Transformers: The Last Knight
"Like its predecessors, it's an endurance-testing 2.5 hours, and like its predecessors it manages to feel twice that length. By now my routine with these Transformers sequels is to spend around a third of the time trying to figure out what the heck is going, another third realizing I don't even care what's going on, and finally just waiting for the thing to finally, finally end."
Spider-Man: Homecoming
 "I don't know all the ins-and-outs of the deal, but I'm glad it happened. This is the sixth Spidey flick in fifteen years, but it feels as fresh and revelatory as the first one in '02."
War for the Planet of the Apes
"Should they continue on from here, there are 2000 years of story time available before we ever need worry about retreading Charlton Heston crumpled in front of a half-buried Statue of Liberty, but should they choose not to, War for the Planet of the Apes closes at a place that feels entirely true to its roots while being fulfilling in its own right."
"This is warfare at its most elemental.
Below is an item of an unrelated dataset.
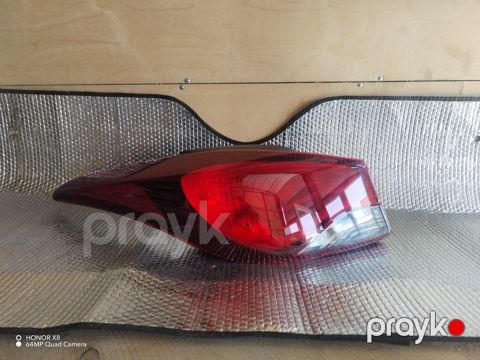 "Hyundai Elantra 2011-2015" stop işığı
I'd have to go back to 1998 and The Thin Red Line to think of a war picture that affected me as much."
The Dark Tower
"...positions itself as both sequel and reboot to the books (longtime fans will understand this, I’m told), while also serving as a launching pad of sorts into a whole new series that I find difficult to believe will ever actualize."
IT: Chapter One
"...this initial chapter draws you in, establishes the universe, and gives us a handful of compelling characters with interesting quirks while setting up a lot of questions that still need answers."
American Assassin
"At its core it's an ugly film that glorifies cruelty while trafficking in stereotypes that were tired even back in 1999 ...And perhaps worst of all, it's so thuddingly, achingly predictable that you can pretty much map out the various plot turns based on how far into the runtime we are."
Star Trek: Discovery
"I’m a Star Trek fan practically from the cradle, so maybe I’m just an easy mark, but the effects are suitably impressive, the characters and premise are compelling, and a clear effort has gone into producing something new and different that still upholds the spirit of hope and optimism the entire franchise embodies."
Kingsman: The Golden Circle
"As with last time, the story construction is such that you can call out most of the big plot turns pretty far in advance, so a lot of it is a waiting game as what you know is going to happen plays out. That's not necessarily a bad thing, by the way, if the unfolding film is enough to keep you watching, and it is that."
American Made
"With its predictable rise-fall arc, American Made follows the broad outlines of a tale that feels as familiar as the medium itself. But it spins its tale in a way that feels new and interesting, and with something relevant to say. [Tom] Cruise is able to make us like an irredeemable character without ever putting us on his side or making us complicit in his wrongdoing."
Blade Runner 2049
"Like its predecessor, Blade Runner 2049 luxuriates in creating fantastic, panoramic vistas of impeccable cinematic beauty (thanks in no small measure to cinematographer Roger Deakins), and if it feels a little bit familiar, that's less a fault of the movie itself than the fact that the original has cast such a long shadow stylistically" 
Thor: Ragnarok
"With Ragnarok, the filmmakers feel unchained by the need to establish the parameters of the world -- if you’re this many flicks deep, it's a safe bet you've already done the homework -- and thus focus on making the film as much of a romp as they can."
Justice League
"It took less than a minute for Justice League to win me over, but more importantly, it never once lost me after that. And believe me, I'm as surprised about that as you given how viscerally negative a reaction I had to Batman v. Superman eighteen long months ago."
Star Wars: The Last Jedi
"Though Episode 8 devotes plenty of time to its remaining legacy characters, it does feel like the torch has truly been passed. More than merely a continuation, The Last Jedi is in many ways an ending to the Star Wars we've known."